WORK ITEM: For the records below, output word for word the lines from the one with "Hot Wheels 2023" up to and including the one with "DUCATI LOGO BLACK iPhone 12 Case". No pictures.

SOURCE DATA:
------

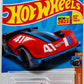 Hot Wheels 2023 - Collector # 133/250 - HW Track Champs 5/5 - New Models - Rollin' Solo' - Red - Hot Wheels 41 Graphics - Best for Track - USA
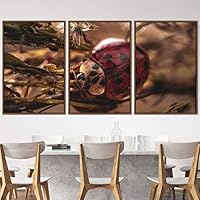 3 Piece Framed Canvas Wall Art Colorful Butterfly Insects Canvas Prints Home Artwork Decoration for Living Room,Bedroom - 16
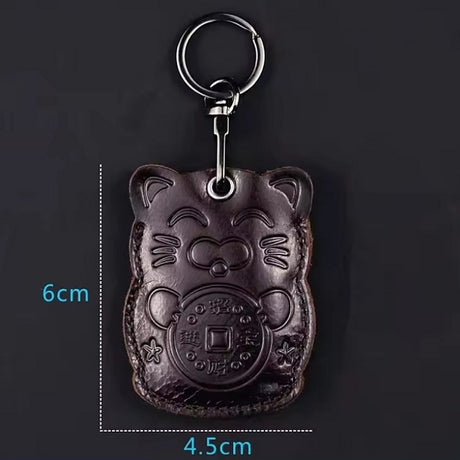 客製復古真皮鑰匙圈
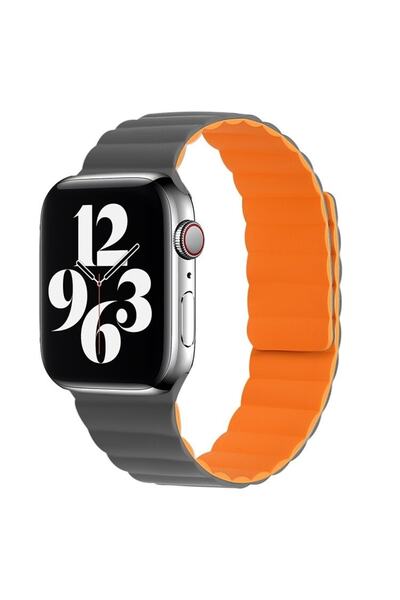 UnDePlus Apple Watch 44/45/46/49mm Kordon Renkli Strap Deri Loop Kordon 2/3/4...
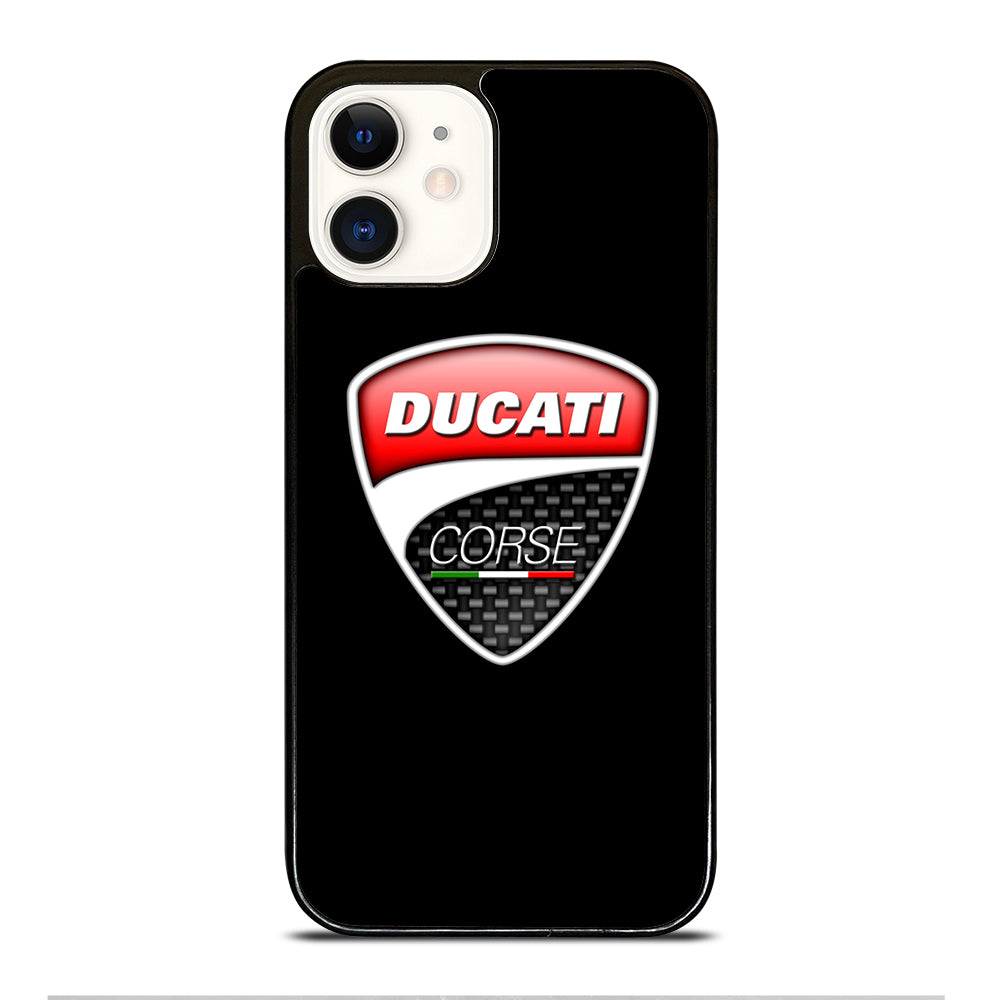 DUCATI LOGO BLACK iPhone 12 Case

------

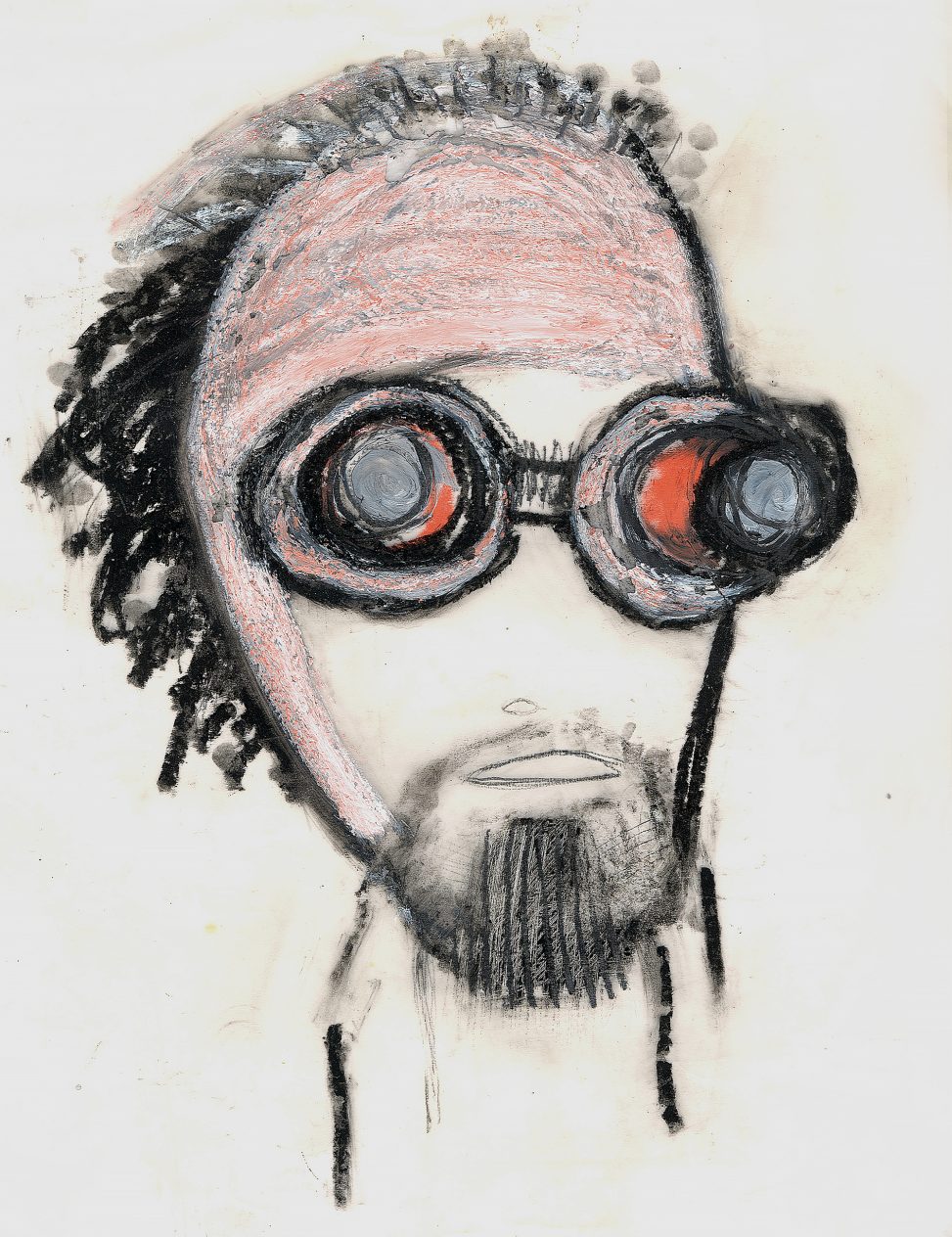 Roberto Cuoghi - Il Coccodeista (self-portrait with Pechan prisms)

------

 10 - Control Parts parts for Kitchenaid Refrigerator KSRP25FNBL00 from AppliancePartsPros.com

------

TASK RESPONSE:
 Hot Wheels 2023 - Collector # 133/250 - HW Track Champs 5/5 - New Models - Rollin' Solo' - Red - Hot Wheels 41 Graphics - Best for Track - USA
 3 Piece Framed Canvas Wall Art Colorful Butterfly Insects Canvas Prints Home Artwork Decoration for Living Room,Bedroom - 16
 客製復古真皮鑰匙圈
 UnDePlus Apple Watch 44/45/46/49mm Kordon Renkli Strap Deri Loop Kordon 2/3/4...
 DUCATI LOGO BLACK iPhone 12 Case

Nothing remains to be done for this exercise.